这里有一些播放数据
df = data.frame(ID = c(1,1,1,2,2,2,2,3,3),
food = c("bacon","bacon","bacon","bacon","bacon","cheese","sausage","avocado","ham"),
enjoyment = c(20,20,20,20,20,20,20,20,20))
导致
ID food enjoyment
1 1 bacon 20
2 1 bacon 20
3 1 bacon 20
4 2 bacon 20
5 2 bacon 20
6 2 cheese 20
7 2 sausage 20
8 3 avocado 20
9 3 ham 20
我想做的是,对于每个人(身份证),总结他们对培根和奶酪的享受
到目前为止,我的代码是
library(data.table)
setDT(df)
df[,id_enjoyment_sum := sum(enjoyment), by =.(ID,food == "bacon"|food == "cheese")]
导致
ID food enjoyment id_enjoyment_sum
1: 1 bacon 20 60
2: 1 bacon 20 60
3: 1 bacon 20 60
4: 2 bacon 20 60
5: 2 bacon 20 60
6: 2 cheese 20 60
7: 2 sausage 20 20
8: 3 avocado 20 40
9: 3 ham 20 40
这已经完成了我想要它做的事情,但它也总结了每个人,他们享受非培根和非奶酪食品。请注意,ID 3不会吃培根或奶酪,但我的代码仍然总结了他对他吃的东西的享受。
理想情况下,代码应该导致
ID food enjoyment id_enjoyment_sum
1: 1 bacon 20 60
2: 1 bacon 20 60
3: 1 bacon 20 60
4: 2 bacon 20 60
5: 2 bacon 20 60
6: 2 cheese 20 60
7: 2 sausage 20 60
8: 3 avocado 20 0
9: 3 ham 20 0
所以我的问题是,我如何设置BY子句来总结,对于每个id,只有培根和奶酪的享受?
答案 0 :(得分:3)
在一个班轮里,我会这样做:
df[,
id_enjoyment_sum := sum(
ifelse(food %in% c("bacon", "cheese"), enjoyment, 0)
)
, by =.(ID)]
如果覆盖享受栏不是问题,你可以考虑这个:
df[! food %in% c("bacon", "cheese"), enjoyment := 0]
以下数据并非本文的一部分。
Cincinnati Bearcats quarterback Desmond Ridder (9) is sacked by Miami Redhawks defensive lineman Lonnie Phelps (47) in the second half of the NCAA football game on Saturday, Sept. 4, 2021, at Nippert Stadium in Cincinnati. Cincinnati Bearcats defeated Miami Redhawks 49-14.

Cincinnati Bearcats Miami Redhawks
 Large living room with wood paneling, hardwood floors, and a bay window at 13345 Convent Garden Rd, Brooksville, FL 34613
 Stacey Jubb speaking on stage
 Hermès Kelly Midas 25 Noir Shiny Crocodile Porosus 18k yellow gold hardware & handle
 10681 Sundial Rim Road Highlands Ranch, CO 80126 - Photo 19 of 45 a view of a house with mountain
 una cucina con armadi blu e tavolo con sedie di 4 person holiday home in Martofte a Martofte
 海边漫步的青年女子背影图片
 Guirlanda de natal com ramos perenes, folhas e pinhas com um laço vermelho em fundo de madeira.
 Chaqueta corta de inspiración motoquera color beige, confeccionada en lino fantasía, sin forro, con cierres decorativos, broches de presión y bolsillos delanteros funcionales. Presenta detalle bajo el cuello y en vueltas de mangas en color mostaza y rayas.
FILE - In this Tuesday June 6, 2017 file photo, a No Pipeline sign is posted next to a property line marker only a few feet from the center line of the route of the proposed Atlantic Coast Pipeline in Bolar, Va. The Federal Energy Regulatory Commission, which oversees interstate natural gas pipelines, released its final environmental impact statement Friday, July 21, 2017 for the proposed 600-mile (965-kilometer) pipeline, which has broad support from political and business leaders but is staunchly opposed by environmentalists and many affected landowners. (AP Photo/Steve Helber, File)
df[, id_enjoyment_sum := sum(enjoyment), by = .(ID)]
当您按多个变量分组时,每个组合都会有一组,并且聚合将在这些组中发生。所以在你的情况下,
有一组行ID == 1 and (food == "bacon"|food == "cheese") == TRUE,ID == 2 and (food == "bacon"|food == "cheese") == TRUE,ID == 2 and (food == "bacon"|food == "cheese") == FALSE等等。